Struktur Nanotube yang Fleksibel
Alih-alih silikon padat, teknologi ini menggunakan perancah (scaffold) fleksibel yang terbuat dari carbon nanotubes (tabung nano karbon) yang dilapisi silikon. Struktur inovatif ini memberikan ruang bagi material untuk memuai dan menyusut dengan mulus selama siklus pengisian daya, sehingga mencegah keretakan fatal pada baterai.

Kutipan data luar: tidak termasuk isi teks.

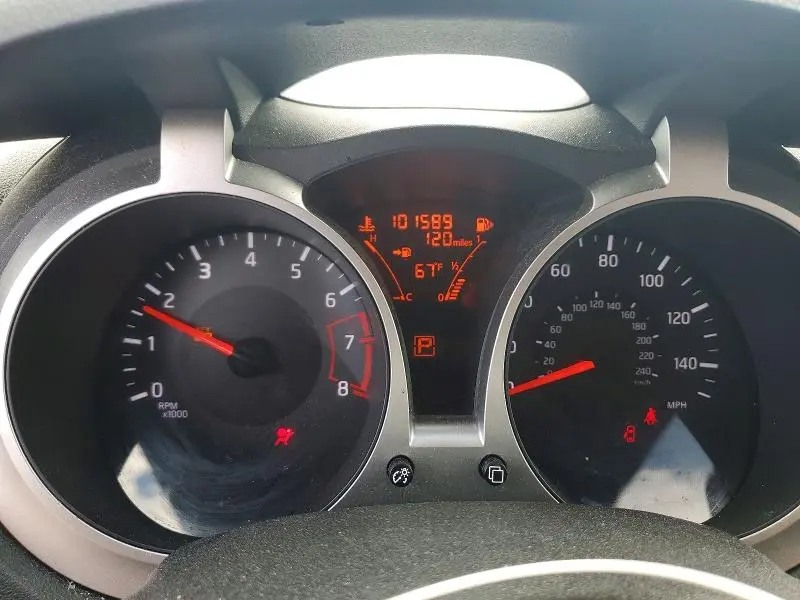 2015 NISSAN JUKE SV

Keandalan Siklus Jangka Panjang
Selain memiliki kapasitas energi raksasa, desain baru ini terbukti tetap stabil meskipun telah melalui siklus pengisian daya (charge cycles) yang berulang, menjawab tantangan terbesar dalam komersialisasi baterai silikon.
Pax insight
Jika terbukti andal untuk diproduksi dalam skala komersial di luar laboratorium, teknologi ini siap mendisrupsi industri gawai dengan menghadirkan ponsel pintar dan perangkat wearable yang menyala jauh lebih lama tanpa mengkompromikan standar keawetan perangkat.